TASK STATEMENT: Write out the entire listing below exactly as it appears, minus any pictures.

RECORDED DATA:

━━━━━━

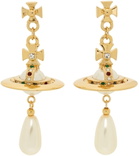 Vivienne Westwood Gold Pearl Drop Earrings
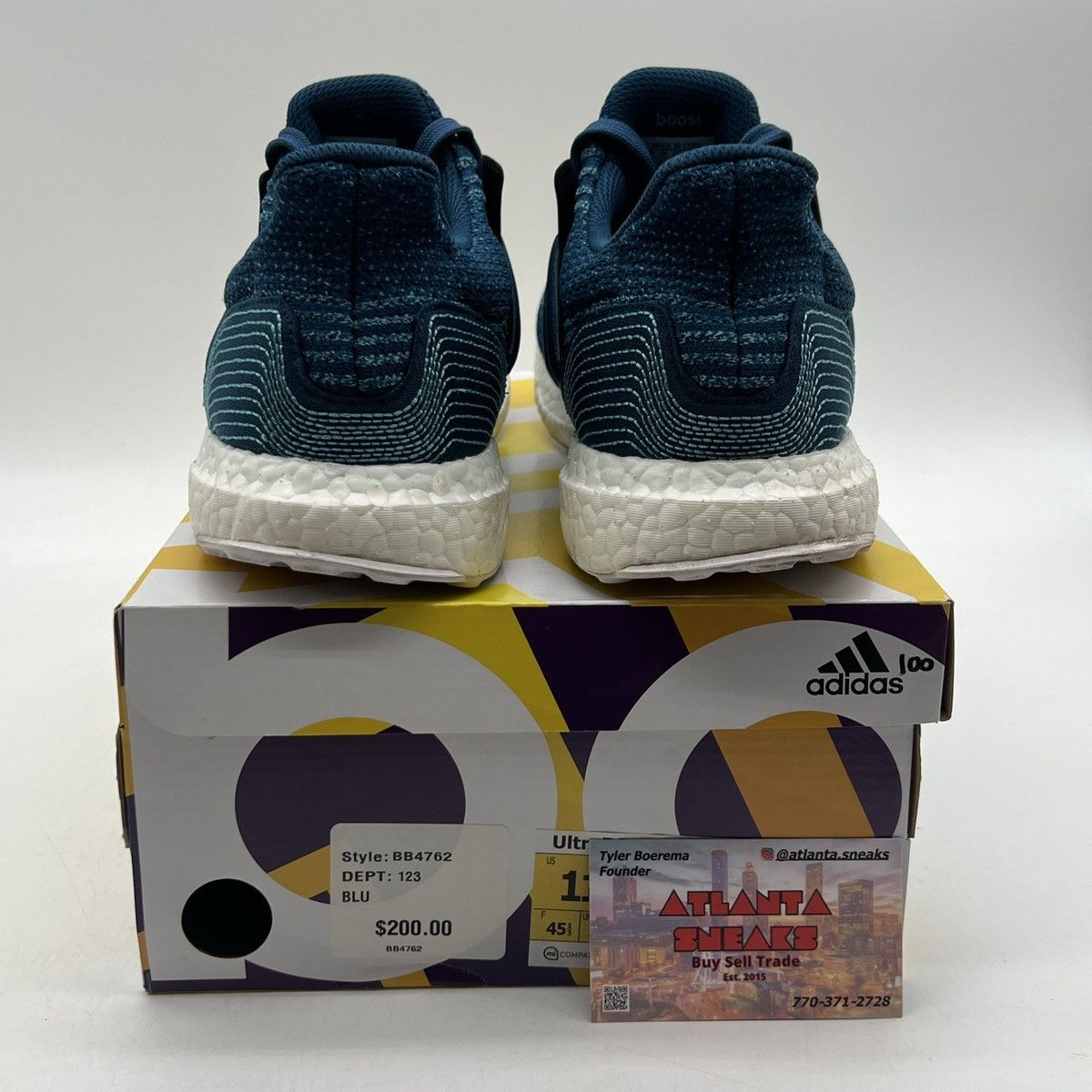 Adidas Parley x ultraboost 3.0 limited night navy Size US 11 / EU 44 - 3 Thumbnail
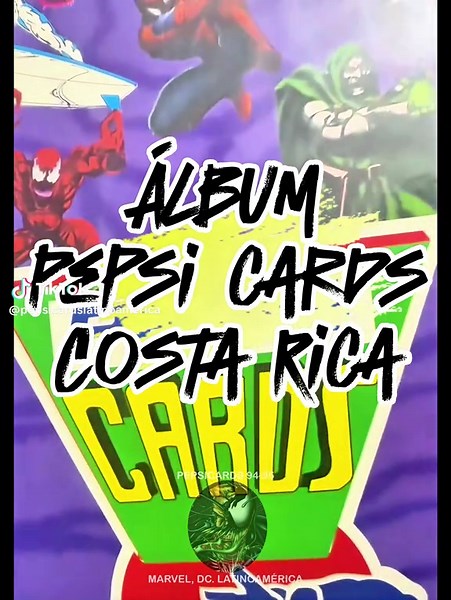 Álbum de Pepsi Cards: Un Tesoro de Costa Rica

━━━━━━

OUTPUT OF THE TASK:
 Vivienne Westwood Gold Pearl Drop Earrings
 Adidas Parley x ultraboost 3.0 limited night navy Size US 11 / EU 44 - 3 Thumbnail
 Álbum de Pepsi Cards: Un Tesoro de Costa Rica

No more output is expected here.